■ Your goal
Each entry should be printed exactly, with its images omitted.

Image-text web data
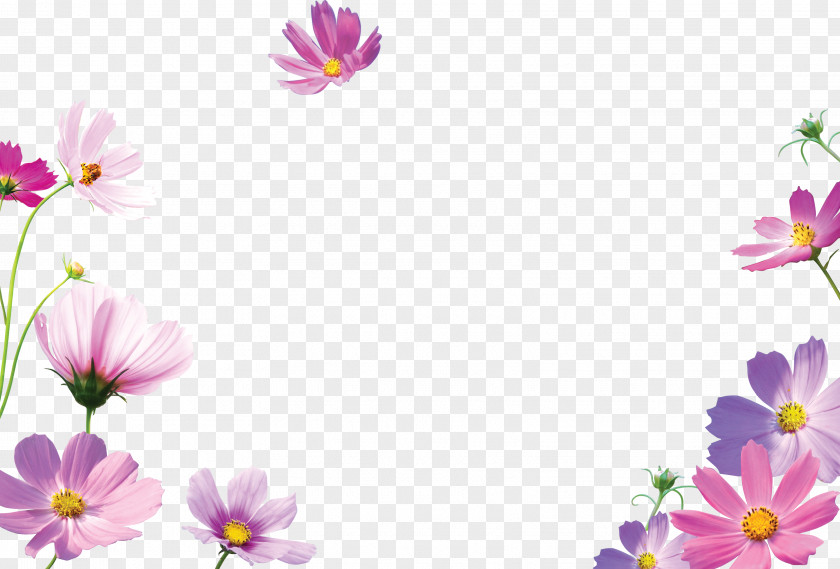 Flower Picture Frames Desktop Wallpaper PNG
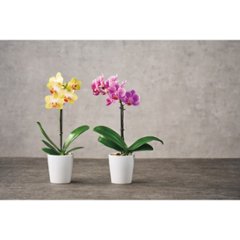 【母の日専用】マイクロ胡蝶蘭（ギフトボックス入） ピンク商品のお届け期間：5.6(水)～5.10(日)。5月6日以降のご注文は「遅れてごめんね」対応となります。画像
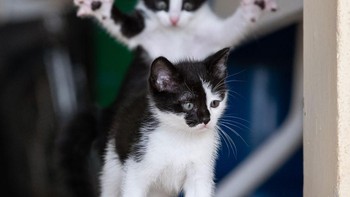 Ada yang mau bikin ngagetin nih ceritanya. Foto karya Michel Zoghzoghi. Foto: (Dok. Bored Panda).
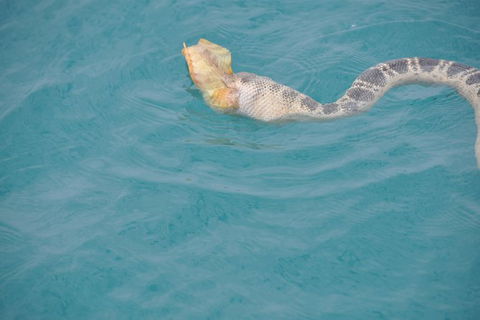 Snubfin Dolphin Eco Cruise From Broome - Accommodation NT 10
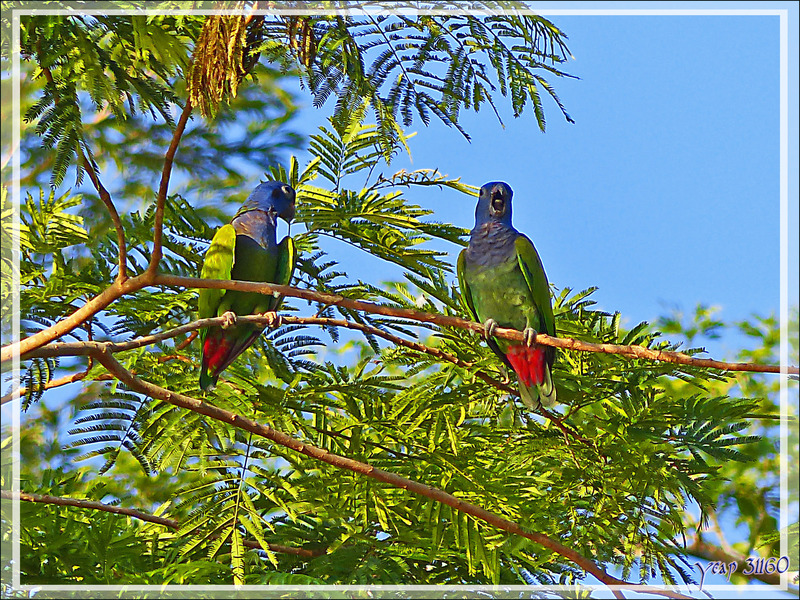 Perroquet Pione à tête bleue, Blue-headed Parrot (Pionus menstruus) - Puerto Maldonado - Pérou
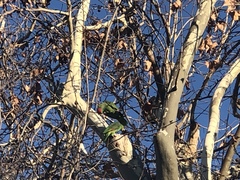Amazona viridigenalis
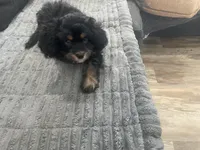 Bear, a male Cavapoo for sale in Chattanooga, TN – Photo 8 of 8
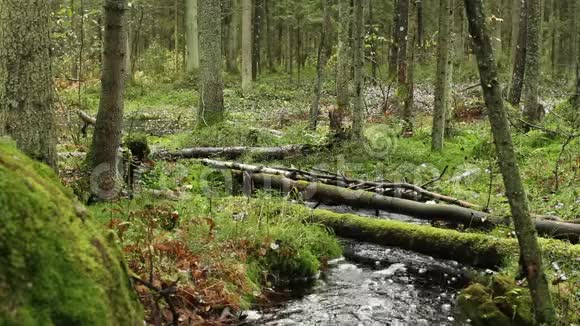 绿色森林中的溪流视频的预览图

■ Reply to the task
 Flower Picture Frames Desktop Wallpaper PNG
 【母の日専用】マイクロ胡蝶蘭（ギフトボックス入） ピンク商品のお届け期間：5.6(水)～5.10(日)。5月6日以降のご注文は「遅れてごめんね」対応となります。画像
 Ada yang mau bikin ngagetin nih ceritanya. Foto karya Michel Zoghzoghi. Foto: (Dok. Bored Panda).
 Snubfin Dolphin Eco Cruise From Broome - Accommodation NT 10
 Perroquet Pione à tête bleue, Blue-headed Parrot (Pionus menstruus) - Puerto Maldonado - Pérou
Amazona viridigenalis
 Bear, a male Cavapoo for sale in Chattanooga, TN – Photo 8 of 8
 绿色森林中的溪流视频的预览图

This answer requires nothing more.